I have to keep reminding myself that it’s up to me. We’ve already proven that if we set our minds to a task, we can achieve good things. It’ll never be easy, but I need to stop sinking and start believing my goals are actually achievable.

 

 

Back to School… Almost

Leeks planted in the potager in August

Well here we are in mid August and it’s been a busy one for me. Just over a week ago I returned to work after maternity leave and have been getting back into the swing of working life, albeit in a very reduced capacity (next month’s pay cheque will be interesting,  as I readjust to getting by on less than half the hours I was on before. Childcare costs are just so prohibitive… life is expensive yada yada…). Mum has been recovering well after major surgery but still needs help around the house for simple but more labour-intensive tasks – and is still waiting to be able to drive again – and we’re currently in the throes of finally laying down the last of the flooring in the kitchen and utility room. It’s only been 11 years since I ripped up the old flooring and 2 years since we bought all the replacement flooring…

I think we will have to actually go out and buy some celebratory fizz once the last piece of flooring is in place. Seriously.

As predicted, I’ve lost my not-so-firm grip on all things horticultural and agricultural. We were subjected to a fortnight of deluge after deluge, and with all the aforementioned distractions, I’ve had to watch from the sidelines as the grass grows out of control, the hedges explode, the borders go over and the bindweed swamps and romps away.

But if motherhood as taught me anything, it’s the art of ‘f**k it, let’s just get on it now whilst we have the chance’. So one afternoon as E took her afternoon nap, I leapt into action.

My plot is small, but it’s enough to keep me busy for now. Out came the garlic, which was distributed on drying racks before it goes into storage. I mulched with a generous layer of organic compost before setting my new Musselburgh leeks into place. They’ll hopefully be big enough to harvest over the winter, when steaming bowls of homemade leek and potato soup will keep our bellies warm and full.

I worked quickly, and weeded and heavily mulched a small strip of the plot that had been unoccupied so far this year, and threw in a few seed potatoes that had been soaking up the sun on my kitchen windowsill since about January. I’ve been told on good authority that it’s still fine to get potatoes growing now… maybe we’ll have some fine freshly dug spuds ready for roasting at Christmas?

Lastly, I’ve managed to start thinning out my wonky rows of Autumn King carrots, which have been thriving alongside my nasturtiums, chives and shallots. And what a delight… the baby and I both enjoyed freshly cooked baby carrots for dinner that night. Already bursting with flavour, they’ll be ripe for pulling for the table from September.

I won’t lie; I’ve been having a really tough time recently, probably mostly self-perpetuated but nevertheless it’s left me feeling like I’m struggling to tread water. The garden has helped me get back on more of an even keel. I’m very much aware of still how much I need this in my life – the pottering, the planting, the harvesting. Perspective.

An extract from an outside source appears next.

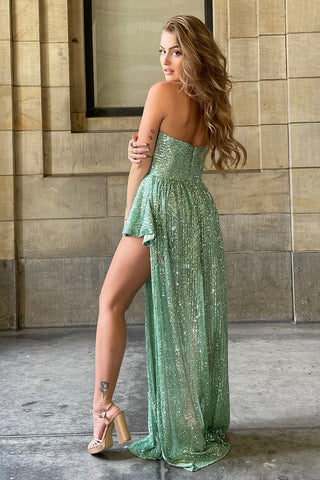 Robe de bal asymétrique vert clair à sequins, dos nu et décolleté en forme de goutte.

Thinning out Autumn King carrots

Bunch of carrots
For me, the Autumn King carrot is truly a regal offering from the veg plot. It’s always been a winner; a reliable grower with strong, straight roots with plenty of flavour.

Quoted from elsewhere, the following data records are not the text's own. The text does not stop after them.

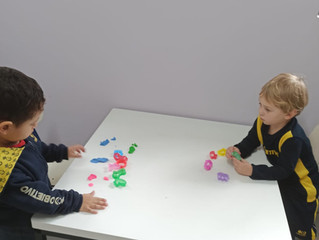 Brincando com massinha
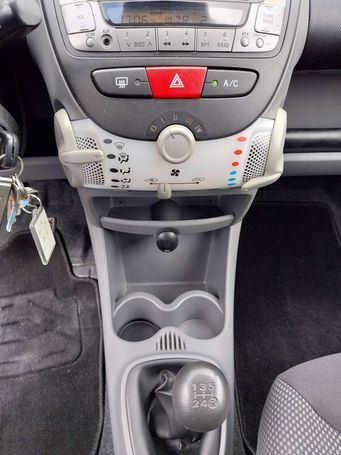 Toyota Aygo 50 kW image number 12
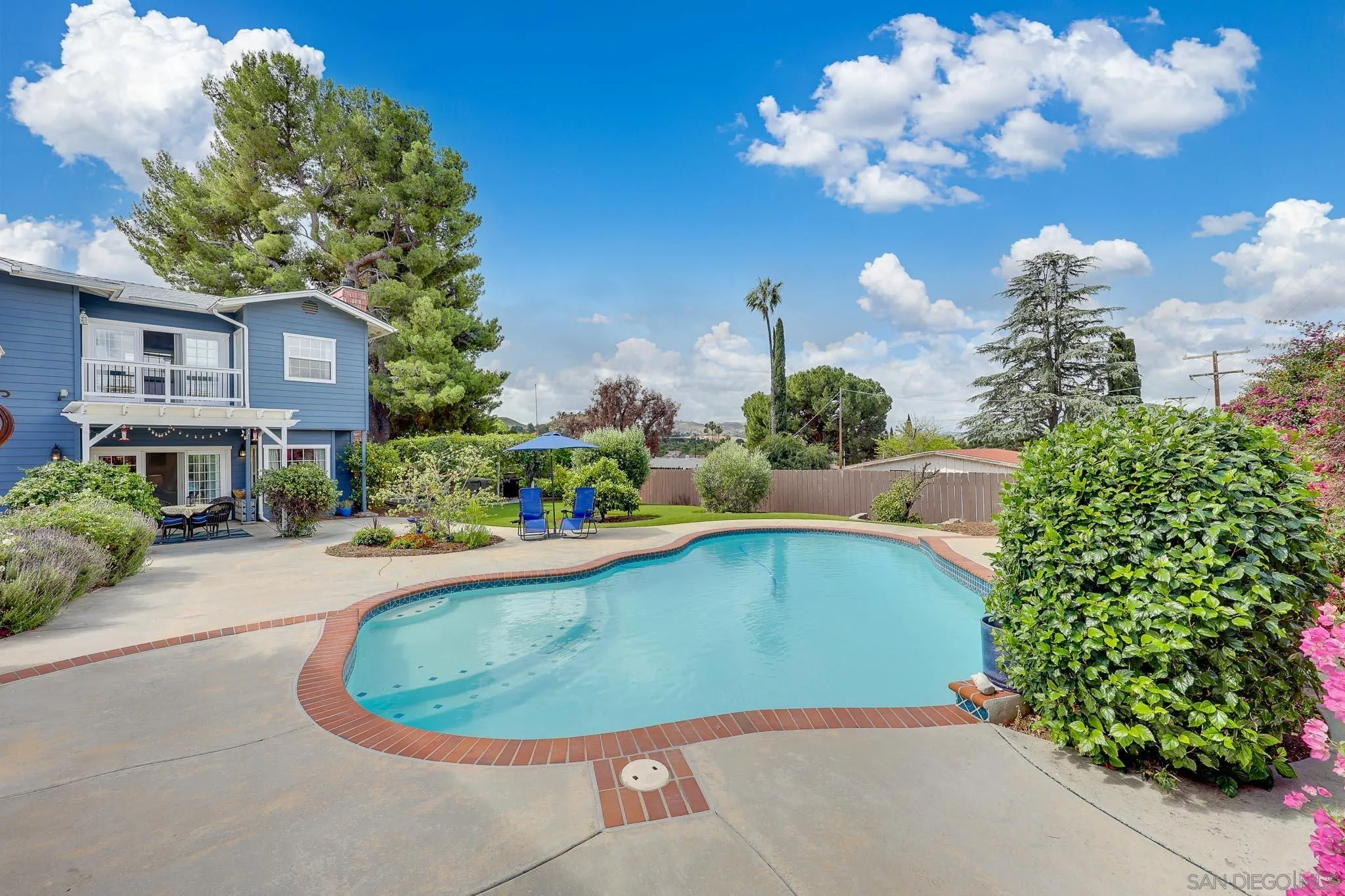 https://cdn.realtyfeed.com/cdn/127/260010481/a4110082c67d69f1773d5863fa84cdb2.webp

Last night I began thinning my carrots out from a thriving patch of haphazardly sown seed. The carrots are approaching maturity and size ready for harvest – maybe they’ve got another 3-4 weeks to go before they’re really ready –  but even the thinned out baby carrots were a decent size.

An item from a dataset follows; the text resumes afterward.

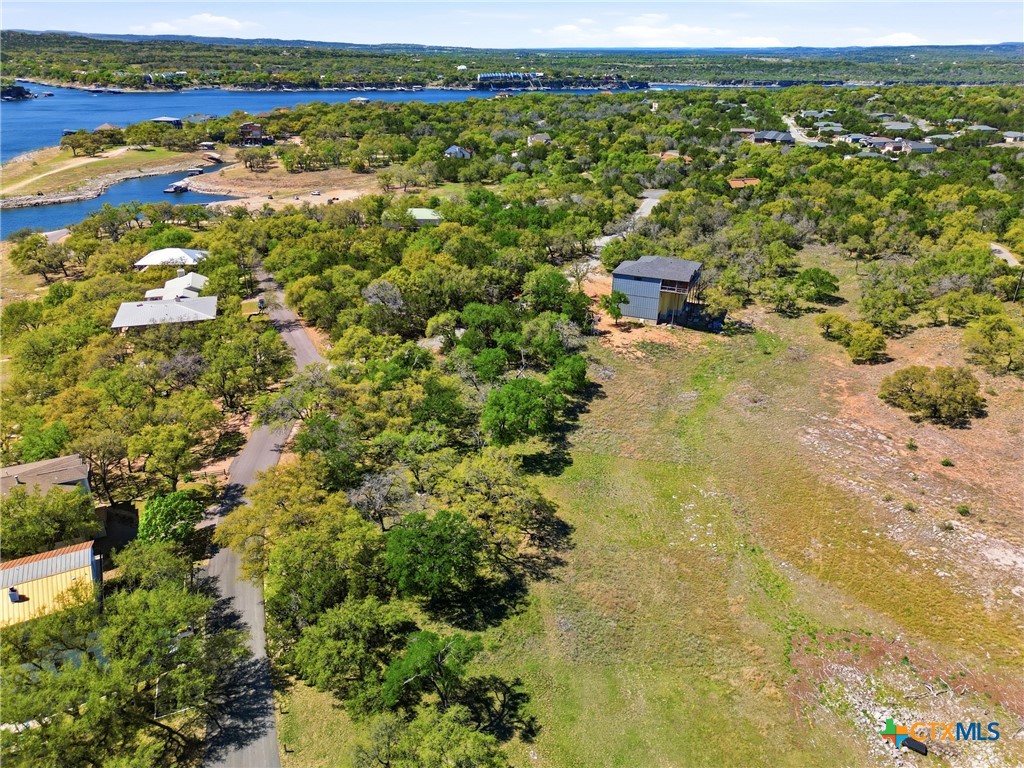1309 Emerald Property Photo 3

And the scent as they were pulled from the earth! There’s nothing quite like it.

Little E loved the cooked carrots with her dinner, eating the whole lot along with some other fresh veggies and mashed potato. That’s always been part of my dream – to provide homegrown, fresh organically grown food for my family.

And if our little venture (see previous blog post) comes into fruition, I might be able to start making a little living off the land too.